TESID design rationale

Here’s some analysis of the reasoning behind TESID and specific design choices.

TESID is made up of three parts:

  1. Encryption,
  2. String encoding, and
  3. A convention for reducing occupation of the ID space and attaching a discriminant for types or other such details.

(I’ve numbered these items in their encoding order, but I’m going to discuss them in this altered order. Things would get boring if list item numbers always had to be in order. [Yet another of Markdown’s terrible decisions: write a list items numbered 2, 3 and 1, and it’ll ignore your clearly‐declared intent and use 1, 2 and 3. Better hope your Markdown engine allows you to write <li value=2> and such.])

See the algorithms page for a basic overview of it all.
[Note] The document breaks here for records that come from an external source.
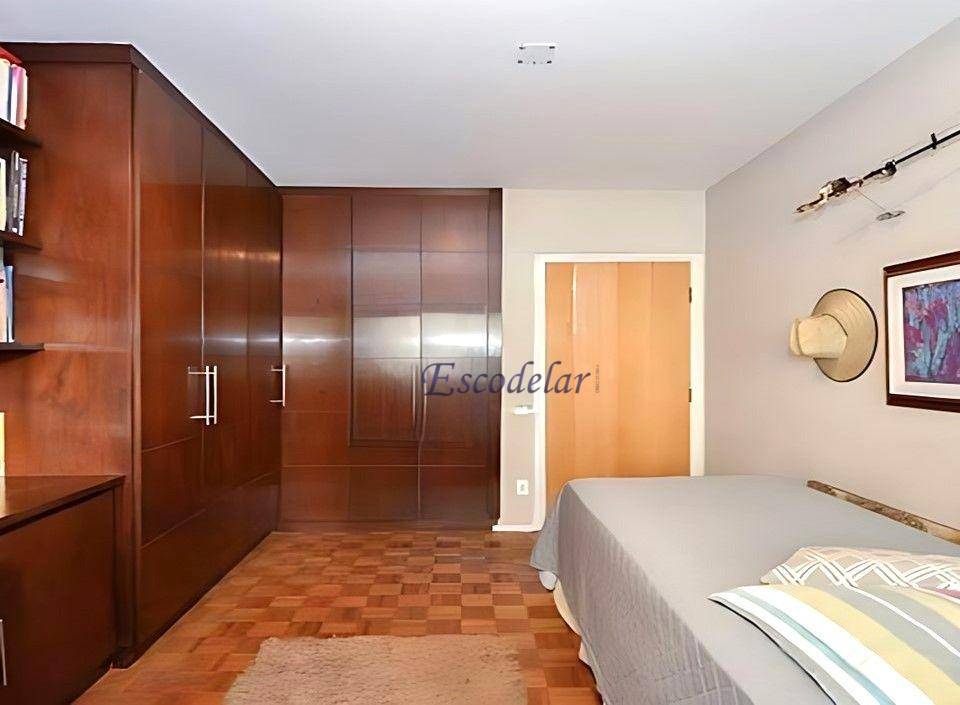 Apartamento à venda com 3 quartos, 150m² - Foto 19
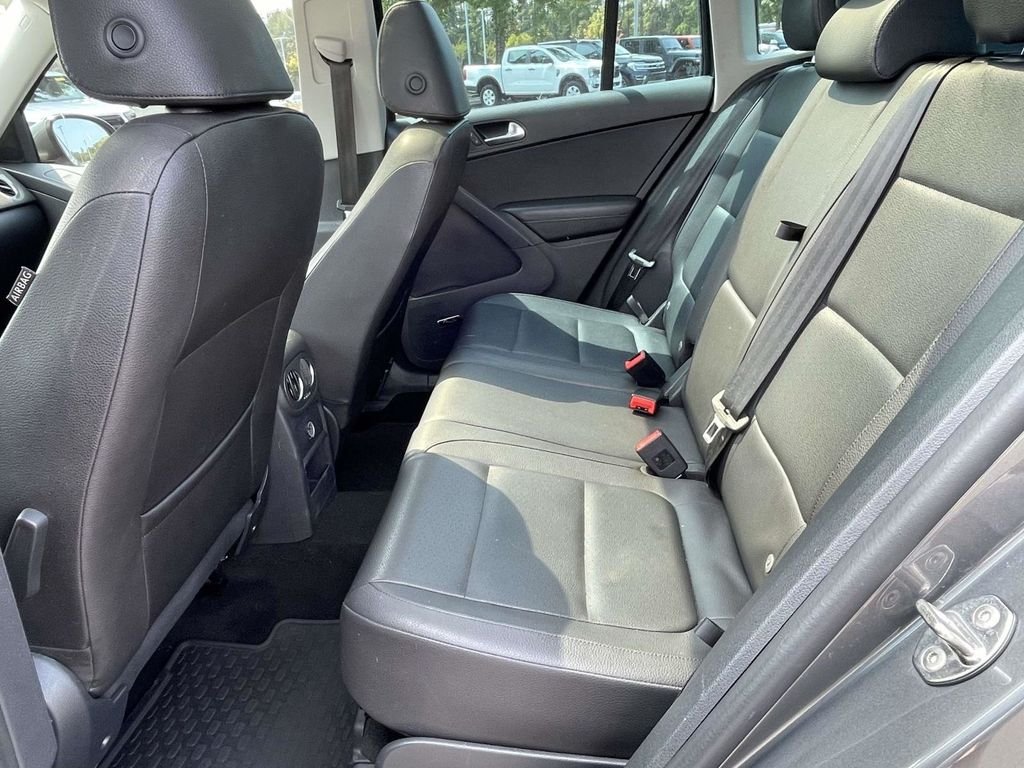 Used 2015 Gray Volkswagen SEL image 12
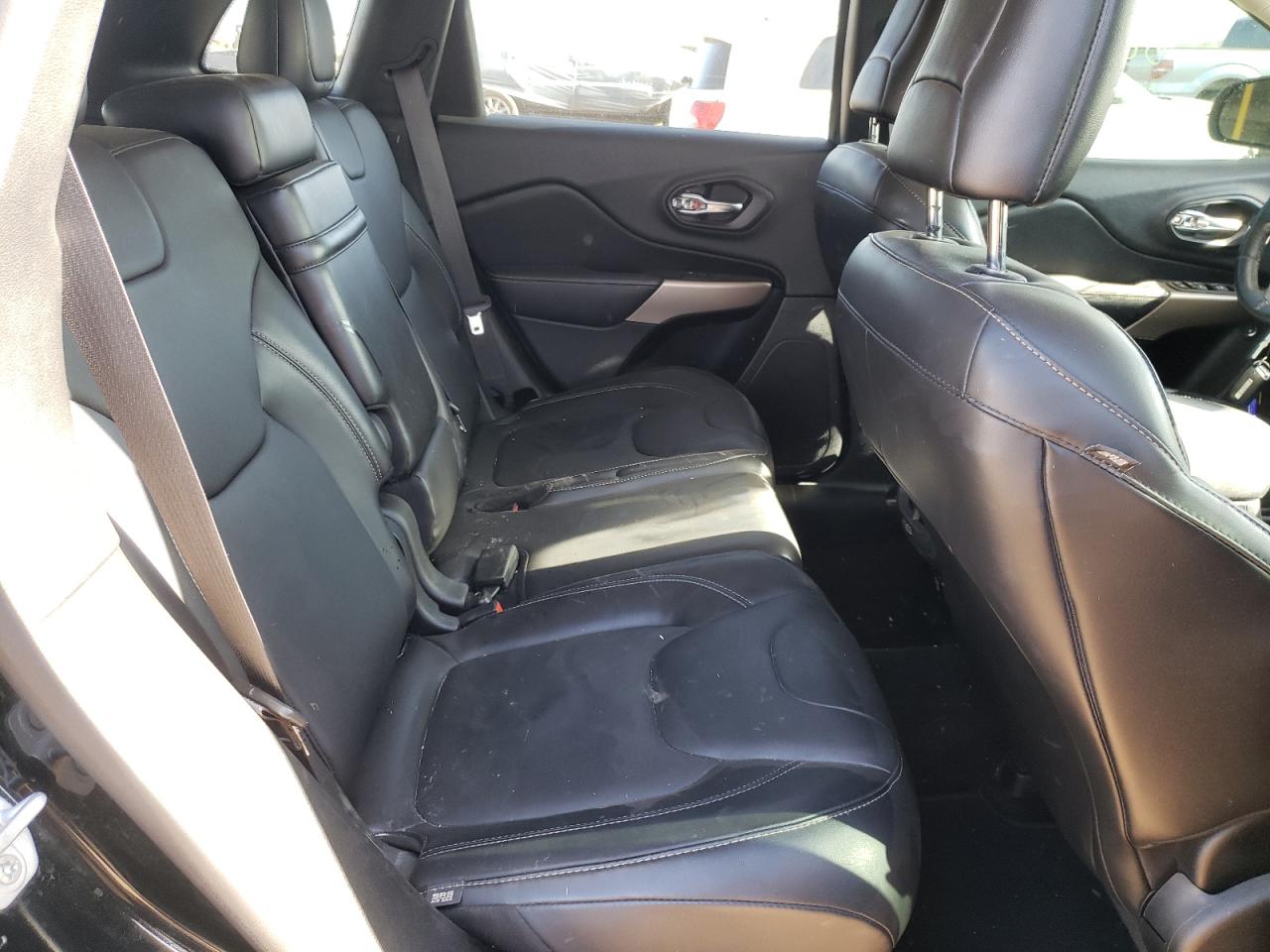 Photo 6 from auction – 2018 JEEP CHEROKEE L with VIN 1C4PJLDB1JD567885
This file explains why things are the way they are.

2. 5peck: Speck, but with five-based word sizes and just one key

Encryption is done with some new instances of the Speck cipher family, which I have called 5peck (because it amused me). 5peck is pronounced “fpeck”, not to be confused with “ſpeck”. (This also amuses me.) In places where an identifier is required that cannot start with a numeral, I use fpeck.

There are two particular properties of 5peck ciphers:

5peck ciphers don’t get names of their own (unlike Speck32/64, Speck128/128, &c.). Wouldn’t want them getting self-important or anything.

In the reference implementation, all 5peck ciphers use a 64-bit machine word, with appropriate rotation and wrapping addition and subtraction via masking, but all that is implementation detail.

For key scheduling: a 128-bit key is expanded with n=64, m=2, T=30, α=9, β=2. Encryption takes the n least significant bits of each round key.

5peck is defined for word sizes n={10, 15, 20, 25, 30, 35, 40, 45, 50}. In all cases, T=30, α=9, β=2, and m is not applicable.

The notable omission from the sequence is n=5, which would produce 1024 two-character TESIDs. I omitted it because it’s not that useful, I’d need to support a different value of at least α, and I was concerned about its integrity, given how extremely it deviates from the pattern I see in the Speck paper. (To reach 128-bit security, I think it’d need at least a few more rounds, T=30 yielding only 150 bits in its expanded key.) So instead I start at n=10 and four-character TESIDs.

Justification for the single expanded key and T=30

Probably the most significant deviation from Speck is the 128-bit key used all round: does it or can it lead to 128-bit security, even at n=10? And how many rounds do we need?

These are the numbers of rounds for the defined Speck instances:

I’m going to generalise and call this T = w + m, where w is very approximately proportional to n + c for some constant c. n=24 is a mild outlier from my predictions: I’d have expected w=20, not w=19. And assuming that w is linearly correlated to n is hubris.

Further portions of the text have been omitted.